======== Task input

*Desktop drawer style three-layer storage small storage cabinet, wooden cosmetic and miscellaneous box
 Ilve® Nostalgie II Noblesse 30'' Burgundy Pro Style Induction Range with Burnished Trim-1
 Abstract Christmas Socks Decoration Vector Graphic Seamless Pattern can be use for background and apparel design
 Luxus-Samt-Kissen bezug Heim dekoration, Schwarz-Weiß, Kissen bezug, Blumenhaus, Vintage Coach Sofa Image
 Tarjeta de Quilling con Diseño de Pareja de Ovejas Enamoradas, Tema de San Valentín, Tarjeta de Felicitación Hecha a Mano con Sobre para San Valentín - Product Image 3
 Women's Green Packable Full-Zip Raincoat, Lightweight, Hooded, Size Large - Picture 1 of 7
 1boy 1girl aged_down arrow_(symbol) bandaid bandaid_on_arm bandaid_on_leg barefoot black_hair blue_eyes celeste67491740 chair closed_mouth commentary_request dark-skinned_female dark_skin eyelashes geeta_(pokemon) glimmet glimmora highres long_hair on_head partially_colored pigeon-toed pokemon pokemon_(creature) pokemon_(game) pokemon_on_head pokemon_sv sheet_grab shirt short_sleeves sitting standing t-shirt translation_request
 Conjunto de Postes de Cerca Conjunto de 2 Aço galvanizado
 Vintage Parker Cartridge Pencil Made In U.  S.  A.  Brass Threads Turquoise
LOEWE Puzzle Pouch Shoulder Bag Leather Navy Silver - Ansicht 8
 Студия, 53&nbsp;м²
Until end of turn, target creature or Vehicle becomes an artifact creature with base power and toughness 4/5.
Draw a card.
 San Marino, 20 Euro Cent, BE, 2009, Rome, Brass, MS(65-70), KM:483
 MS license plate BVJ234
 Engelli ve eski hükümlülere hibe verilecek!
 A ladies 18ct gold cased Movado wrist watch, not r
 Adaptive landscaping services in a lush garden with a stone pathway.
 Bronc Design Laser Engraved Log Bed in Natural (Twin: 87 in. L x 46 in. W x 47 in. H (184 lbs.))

================

▸ **Work item**: Set every record down word for word, omitting none.

▸ **Exercise response**:
*Desktop drawer style three-layer storage small storage cabinet, wooden cosmetic and miscellaneous box
 Ilve® Nostalgie II Noblesse 30'' Burgundy Pro Style Induction Range with Burnished Trim-1
 Abstract Christmas Socks Decoration Vector Graphic Seamless Pattern can be use for background and apparel design
 Luxus-Samt-Kissen bezug Heim dekoration, Schwarz-Weiß, Kissen bezug, Blumenhaus, Vintage Coach Sofa Image
 Tarjeta de Quilling con Diseño de Pareja de Ovejas Enamoradas, Tema de San Valentín, Tarjeta de Felicitación Hecha a Mano con Sobre para San Valentín - Product Image 3
 Women's Green Packable Full-Zip Raincoat, Lightweight, Hooded, Size Large - Picture 1 of 7
 1boy 1girl aged_down arrow_(symbol) bandaid bandaid_on_arm bandaid_on_leg barefoot black_hair blue_eyes celeste67491740 chair closed_mouth commentary_request dark-skinned_female dark_skin eyelashes geeta_(pokemon) glimmet glimmora highres long_hair on_head partially_colored pigeon-toed pokemon pokemon_(creature) pokemon_(game) pokemon_on_head pokemon_sv sheet_grab shirt short_sleeves sitting standing t-shirt translation_request
 Conjunto de Postes de Cerca Conjunto de 2 Aço galvanizado
 Vintage Parker Cartridge Pencil Made In U.  S.  A.  Brass Threads Turquoise
LOEWE Puzzle Pouch Shoulder Bag Leather Navy Silver - Ansicht 8
 Студия, 53&nbsp;м²
Until end of turn, target creature or Vehicle becomes an artifact creature with base power and toughness 4/5.
Draw a card.
 San Marino, 20 Euro Cent, BE, 2009, Rome, Brass, MS(65-70), KM:483
 MS license plate BVJ234
 Engelli ve eski hükümlülere hibe verilecek!
 A ladies 18ct gold cased Movado wrist watch, not r
 Adaptive landscaping services in a lush garden with a stone pathway.
 Bronc Design Laser Engraved Log Bed in Natural (Twin: 87 in. L x 46 in. W x 47 in. H (184 lbs.))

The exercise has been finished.